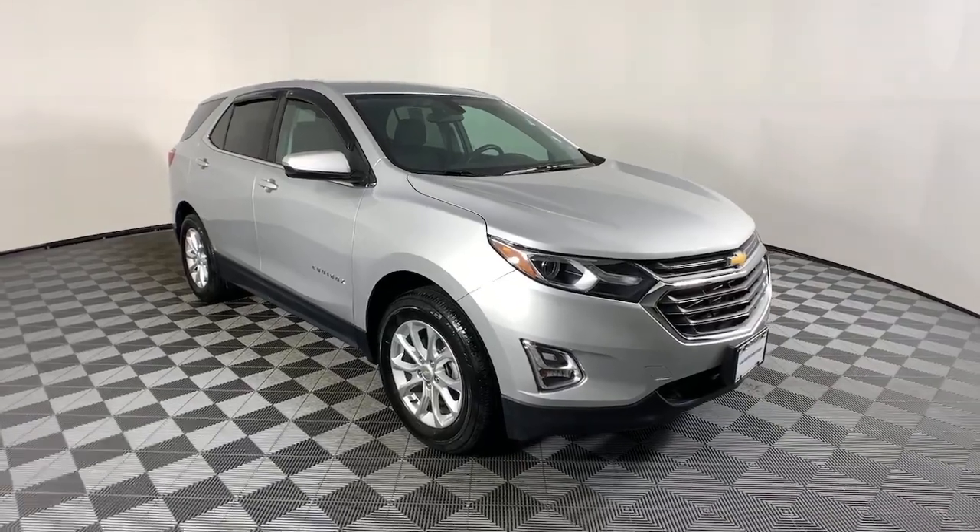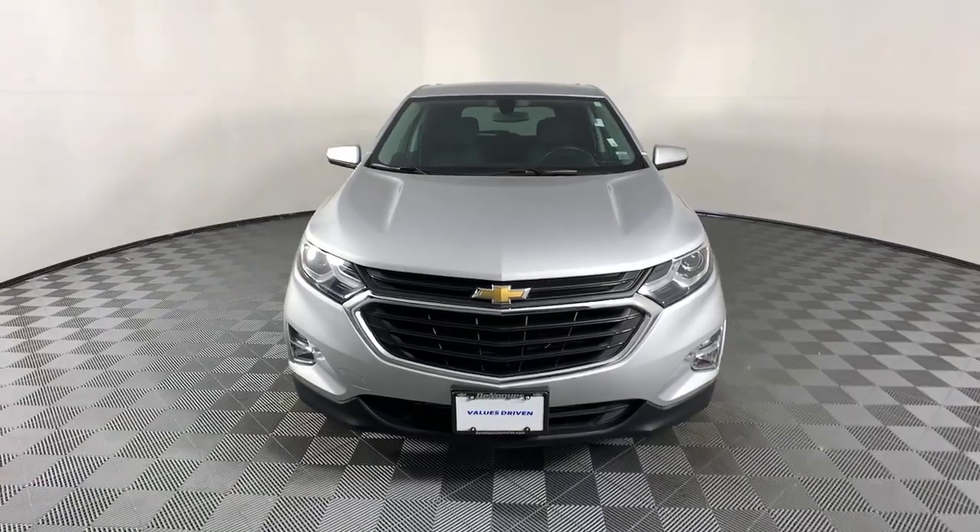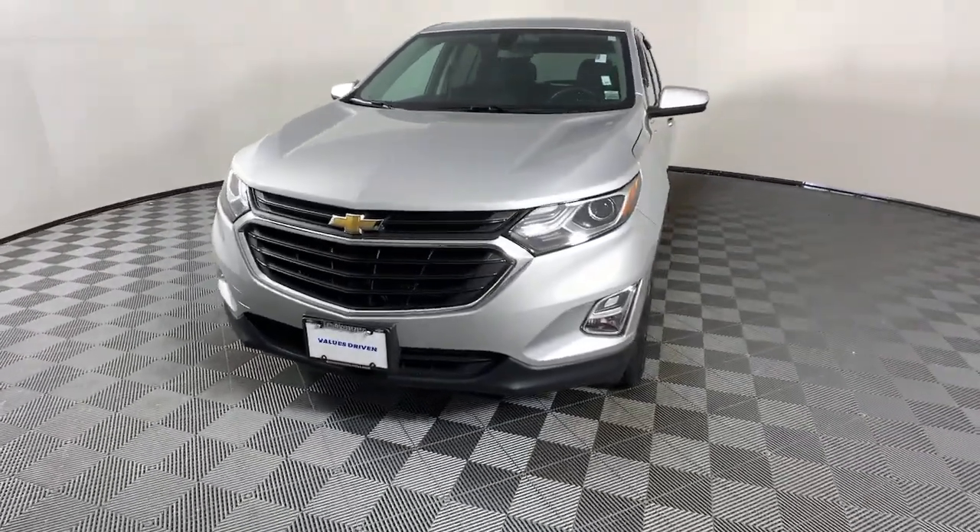Enjoy the view of this 2018 Chevrolet Equinox. This vehicle still has fewer than 10,000 miles on the clock, so it won't last long.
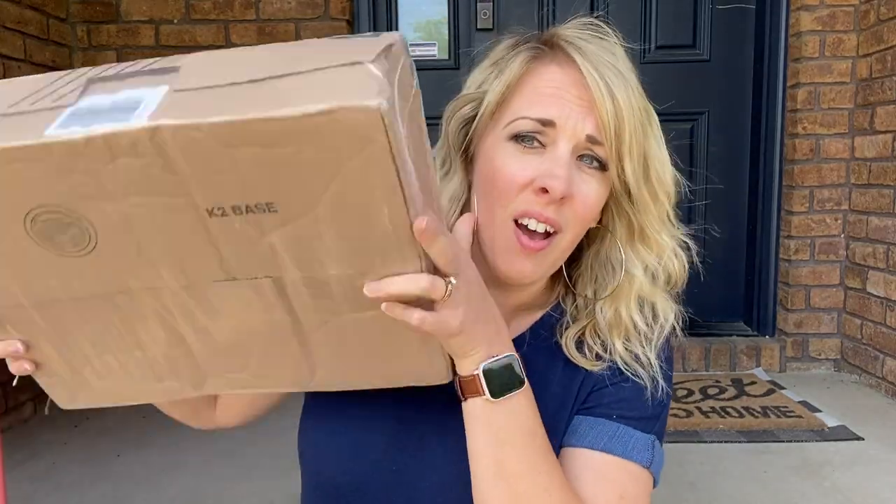Hey guys, welcome back to my channel. If you're new here, I'm Toni and I'm a homeschooling mom to four kids, and I just got a box of books in from a brand new place — well, new to me.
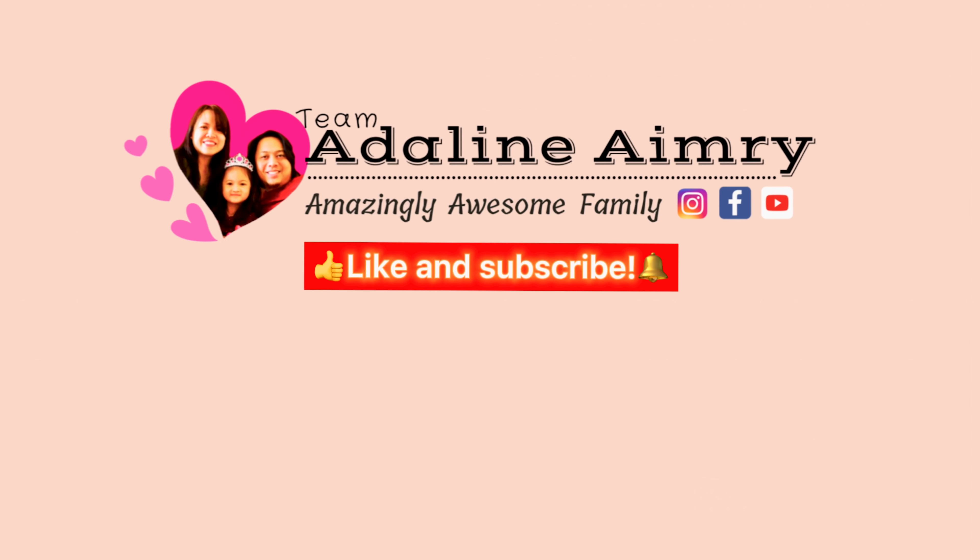Hi everyone! Welcome back to our channel! Adeline and Wee! Amazingly awesome!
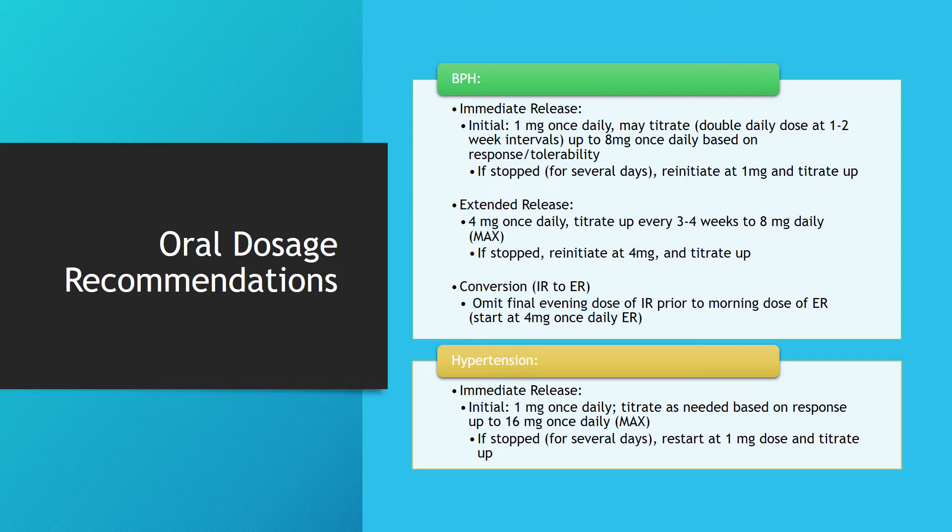For hypertension — typically managed with the immediate-release formulation — initially start at 1 mg once daily, then titrate as needed based on patient response up to 16 mg once daily. If the patient has stopped the medication for multiple days, restart at the initiating dose of 1 mg and titrate up from there.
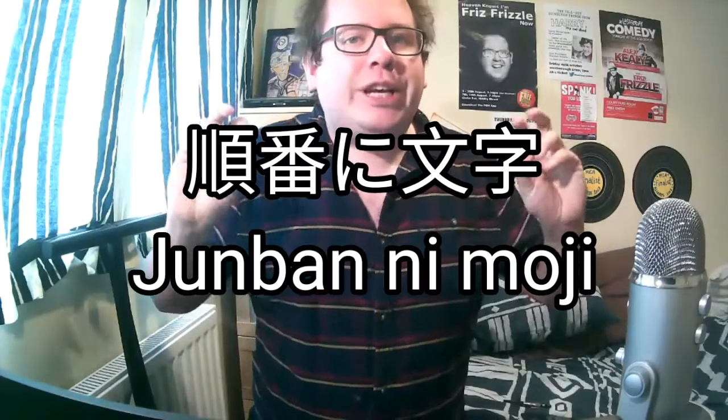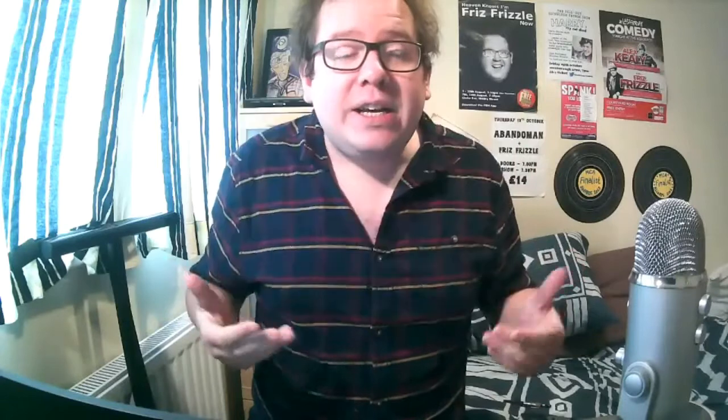It's called a Junimoji. It comes from the Japanese Junbanimoji, which means letters in order, similarly to how Sudoku is Japanese for single number, and Yo Sushi is Japanese for 'Yo, eat some sushi.'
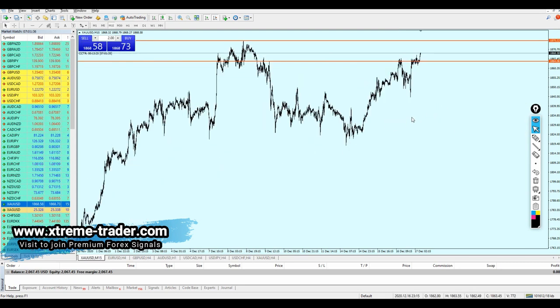Looking at the 15-minute time frame, we can see that right here we had a strong key resistance level, which was also another key resistance level. Finally, the price has been breaking out from that resistance level. Right now we can expect gold to fall a little bit more to retest the broken resistance, and with strong bullish momentum, I believe gold is going to continue rising until it hits the resistance level at 1875.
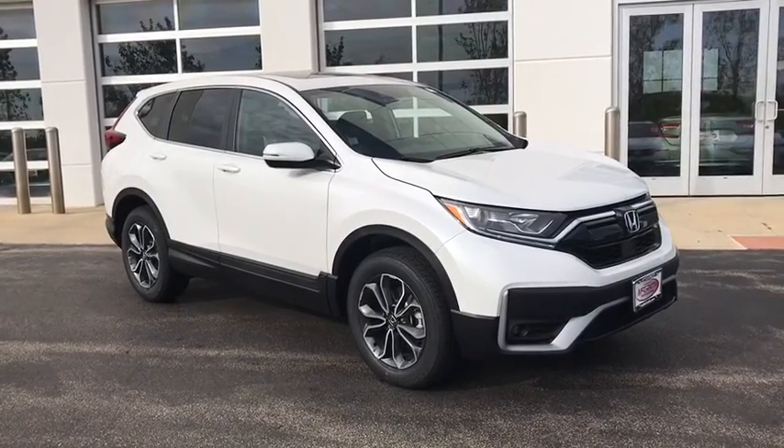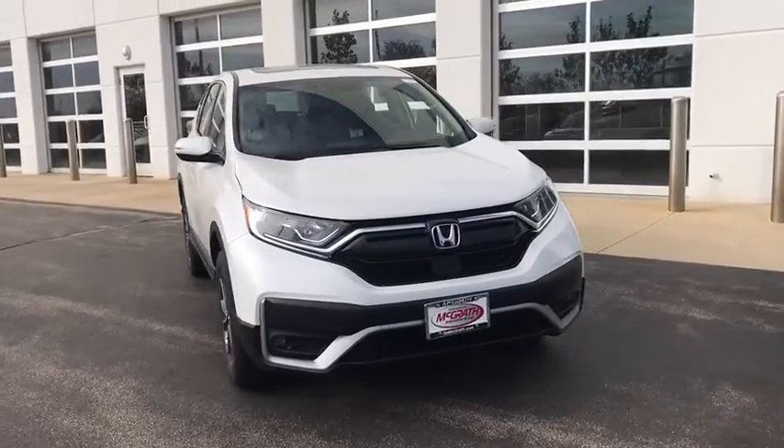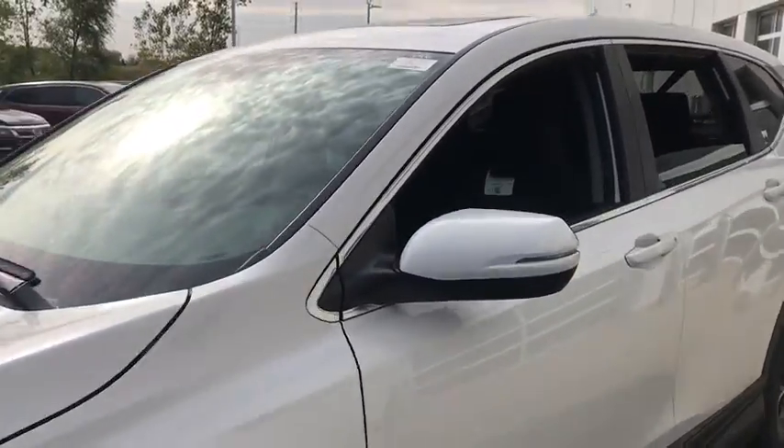We are pleased to show you the 2020 Honda CR-V — a top recommended vehicle because of its car-like driving manners, good value, cool technology, and comfy interior.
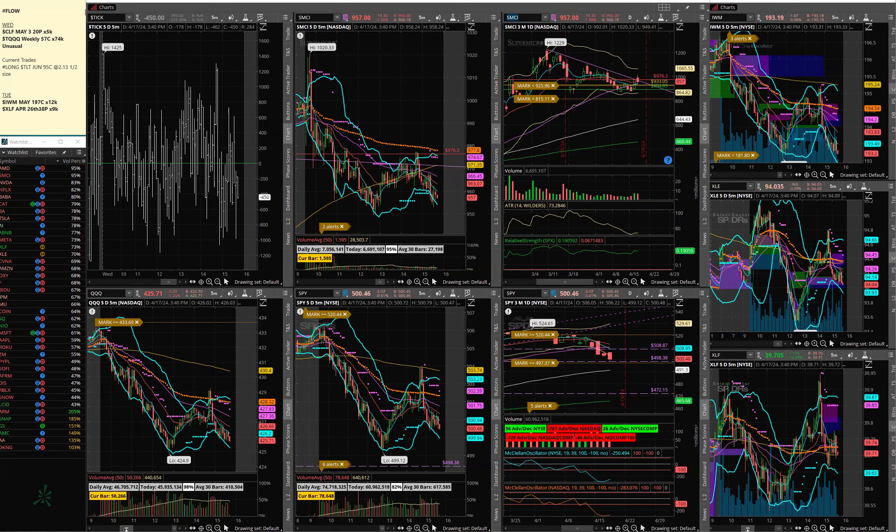Good afternoon, everybody. It's Mike from SmartOptionTrading.com. It is Wednesday, the 17th of April. This is my midweek update. It goes out there for free. If you want to join us, SmartOptionTrading.com — link in the description below — and you can see how we've been trading this market very successfully.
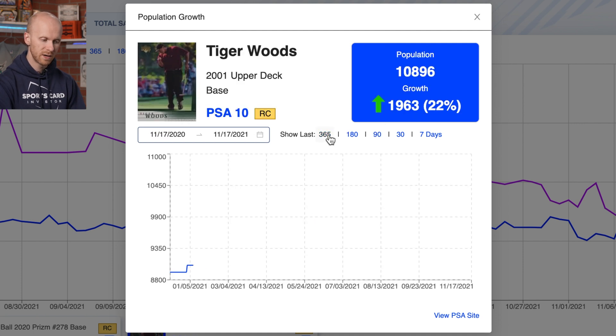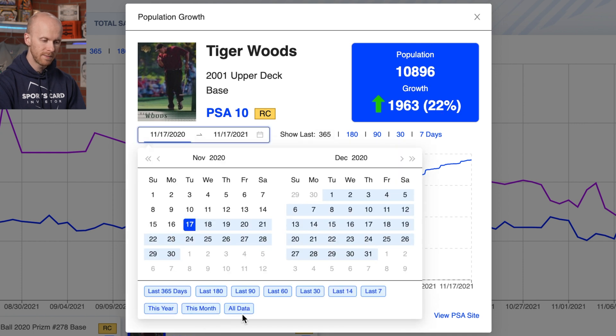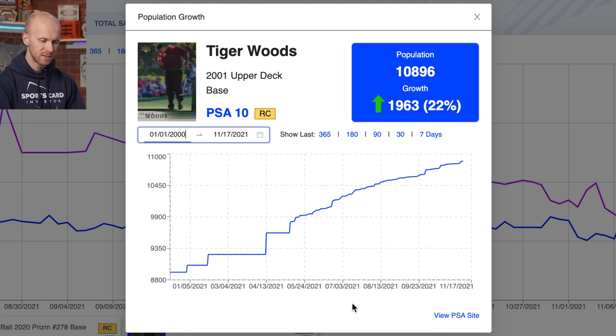You can go to the last 365 days and see that it's gone up 22 percent. You can also go back all time to see how far back our data goes on this card — it's gone up about 22 percent since we started tracking this pop count early in the beginning of 2021.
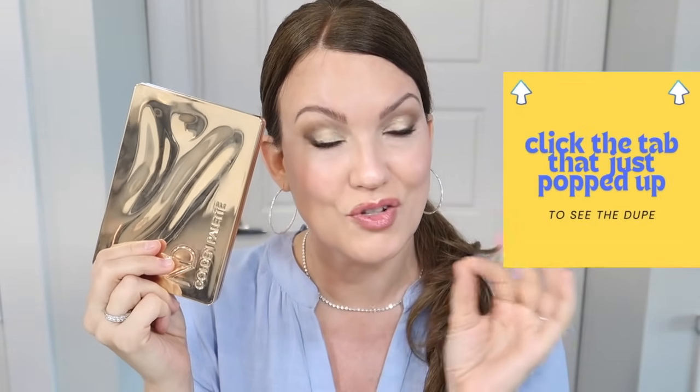I actually have a dupe for this that's only $10 or $11 and the quality of the dupe is just as good if not better — super creamy, buttery, no fallout, fantastic quality, feels very luxurious. This palette is like $70-$80 and the dupe is $10 or $11. I have this palette on one eye and the dupe on the other, and they look pretty much identical. No one can tell if you have a $4 eyeshadow palette on versus something like this. If I used this up, would I rush out and repurchase it? No, I probably will never repurchase this.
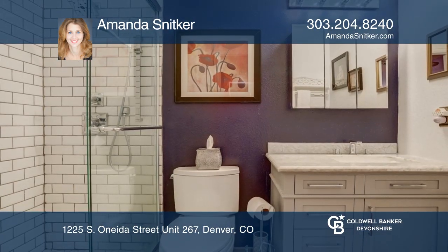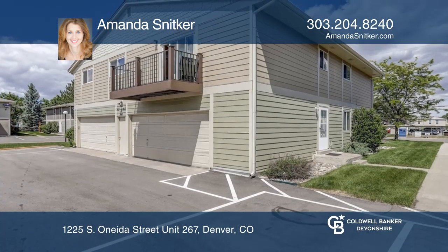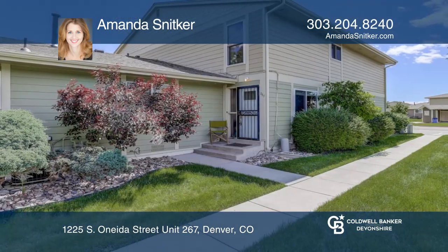The master bedroom features a large walk-in closet. This home is complete with an attached garage. See this beautiful home yourself by scheduling a tour with Amanda Snickker.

--

▶ **What you will do**:
Working from the entries above, reproduce exactly and only the lines beginning with the line that has "Hey guys, welcome" and ending with the line that has "Hi everyone! Welcome"; omit all pictures.

▶ **Expected output**:
Hey guys, welcome back to my channel. If you're new here, I'm Toni and I'm a homeschooling mom to four kids, and I just got a box of books in from a brand new place — well, new to me.
Hi everyone! Welcome back to our channel! Adeline and Wee! Amazingly awesome!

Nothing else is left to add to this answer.